Degree of a finite field extension. How to find?

Question

What is the degree of the extension $[\mathbb Q(\sqrt2 + \sqrt3 + \sqrt5) : \mathbb Q ]$? Can you explain, what I must to do in this example?

Answer 1

$[\mathbb Q(\sqrt2 + \sqrt3 + \sqrt5) : \mathbb Q ]=[\mathbb Q(\sqrt2 , \sqrt3 , \sqrt5) : \mathbb Q ]=[\mathbb Q(\sqrt2 ,\sqrt3 , \sqrt5) : \mathbb Q (\sqrt2 , \sqrt3)].[\mathbb Q(\sqrt2 ,\sqrt3 ) : \mathbb Q (\sqrt2 )].[\mathbb Q(\sqrt2 ) : \mathbb Q ]=2.2.2=8$

$\mathbb Q(\sqrt2 + \sqrt3 + \sqrt5) $ is a $8 $ degree extension over $Q$.And basis are $1,\sqrt2,\sqrt3,\sqrt5,\sqrt6,\sqrt{10},\sqrt{15},\sqrt{30}$

Answer 2

Hint: The stabilizer of $ \sqrt{2} + \sqrt{3} + \sqrt{5} $ in $ \textrm{Gal}(\mathbf Q(\sqrt 2, \sqrt 3, \sqrt 5)/\mathbf Q) $ is trivial.

Answer 3

An elementary solution to show that at least $8$ dimensions needed

(i.e. the degree is at least $8$)

Our field has to be closed under multiplication. Let's see what will go wrong if we consider only four dimensions with the basis $(1,\sqrt2,\sqrt3,\sqrt5).$

The good news is that

$$\sqrt2+\sqrt3+\sqrt4=0\times1+1\times\sqrt2+1\times \sqrt3+1\times \sqrt4.$$

However, let's compute the following product

$$(a+b\sqrt2+c\sqrt3+d\sqrt4)\times(a+b\sqrt2+c\sqrt3+d\sqrt4).$$

Unfortunately the following irrational numbers will appear: $\sqrt6,\sqrt{10},\sqrt{15}$.
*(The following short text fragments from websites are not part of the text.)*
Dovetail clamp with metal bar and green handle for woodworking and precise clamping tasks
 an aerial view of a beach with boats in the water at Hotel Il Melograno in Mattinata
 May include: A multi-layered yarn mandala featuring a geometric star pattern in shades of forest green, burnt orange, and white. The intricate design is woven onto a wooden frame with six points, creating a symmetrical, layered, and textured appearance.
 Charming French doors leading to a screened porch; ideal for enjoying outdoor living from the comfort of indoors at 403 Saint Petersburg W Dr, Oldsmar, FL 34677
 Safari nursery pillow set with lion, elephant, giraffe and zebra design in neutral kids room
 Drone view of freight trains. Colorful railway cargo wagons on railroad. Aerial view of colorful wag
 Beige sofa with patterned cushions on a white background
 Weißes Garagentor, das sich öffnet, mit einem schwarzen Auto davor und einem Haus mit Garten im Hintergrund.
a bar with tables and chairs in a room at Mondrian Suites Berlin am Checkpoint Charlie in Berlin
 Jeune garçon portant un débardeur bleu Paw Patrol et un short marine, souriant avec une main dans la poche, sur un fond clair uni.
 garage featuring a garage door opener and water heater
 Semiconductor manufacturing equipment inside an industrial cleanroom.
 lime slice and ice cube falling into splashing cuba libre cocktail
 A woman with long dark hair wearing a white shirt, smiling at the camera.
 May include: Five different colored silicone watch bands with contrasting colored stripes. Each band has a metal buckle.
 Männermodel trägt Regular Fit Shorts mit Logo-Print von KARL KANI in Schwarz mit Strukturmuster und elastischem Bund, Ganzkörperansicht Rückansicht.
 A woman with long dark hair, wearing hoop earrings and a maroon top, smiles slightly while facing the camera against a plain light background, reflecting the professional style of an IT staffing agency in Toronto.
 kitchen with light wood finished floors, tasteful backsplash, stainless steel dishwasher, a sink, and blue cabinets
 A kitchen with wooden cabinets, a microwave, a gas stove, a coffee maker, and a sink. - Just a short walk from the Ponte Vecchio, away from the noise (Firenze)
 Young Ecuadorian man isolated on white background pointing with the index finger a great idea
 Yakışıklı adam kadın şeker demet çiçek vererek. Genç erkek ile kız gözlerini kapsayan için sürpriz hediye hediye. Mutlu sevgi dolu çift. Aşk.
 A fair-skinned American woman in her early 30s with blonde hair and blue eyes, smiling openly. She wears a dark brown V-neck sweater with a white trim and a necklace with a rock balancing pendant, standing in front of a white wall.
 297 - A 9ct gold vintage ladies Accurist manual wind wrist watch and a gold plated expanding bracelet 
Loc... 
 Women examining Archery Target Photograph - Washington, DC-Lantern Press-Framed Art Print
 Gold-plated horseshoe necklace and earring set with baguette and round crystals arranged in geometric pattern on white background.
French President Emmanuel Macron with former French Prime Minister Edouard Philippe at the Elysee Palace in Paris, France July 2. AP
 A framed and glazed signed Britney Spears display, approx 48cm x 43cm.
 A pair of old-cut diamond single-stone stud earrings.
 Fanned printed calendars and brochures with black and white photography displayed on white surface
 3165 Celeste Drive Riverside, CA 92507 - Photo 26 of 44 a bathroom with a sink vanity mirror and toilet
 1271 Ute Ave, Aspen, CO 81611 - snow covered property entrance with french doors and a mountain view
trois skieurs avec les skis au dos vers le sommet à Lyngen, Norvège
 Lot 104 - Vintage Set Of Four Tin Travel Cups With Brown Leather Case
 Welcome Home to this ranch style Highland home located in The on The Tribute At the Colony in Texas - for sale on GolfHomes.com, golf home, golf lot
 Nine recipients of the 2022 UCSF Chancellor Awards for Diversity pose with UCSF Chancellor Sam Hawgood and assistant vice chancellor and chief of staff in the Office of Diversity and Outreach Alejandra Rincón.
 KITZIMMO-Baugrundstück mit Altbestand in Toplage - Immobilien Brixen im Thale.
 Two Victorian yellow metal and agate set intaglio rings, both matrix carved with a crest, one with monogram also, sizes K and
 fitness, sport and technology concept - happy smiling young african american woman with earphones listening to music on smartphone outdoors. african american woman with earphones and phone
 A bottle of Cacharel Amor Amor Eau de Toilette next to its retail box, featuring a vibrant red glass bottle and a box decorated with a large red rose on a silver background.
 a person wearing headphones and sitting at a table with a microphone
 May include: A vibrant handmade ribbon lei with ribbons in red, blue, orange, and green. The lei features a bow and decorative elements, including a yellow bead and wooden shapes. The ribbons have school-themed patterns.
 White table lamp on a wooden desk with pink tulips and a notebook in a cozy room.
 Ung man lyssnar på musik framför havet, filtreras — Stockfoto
Let's try with the following basis then $$(1,\sqrt2,\sqrt3,\sqrt5,\sqrt6,\sqrt{10},\sqrt{15}).$$

To make it short: we fail again because a new irrationality shows up if we multiply $2$ elements given in this basis: $\sqrt{30}$ emerges.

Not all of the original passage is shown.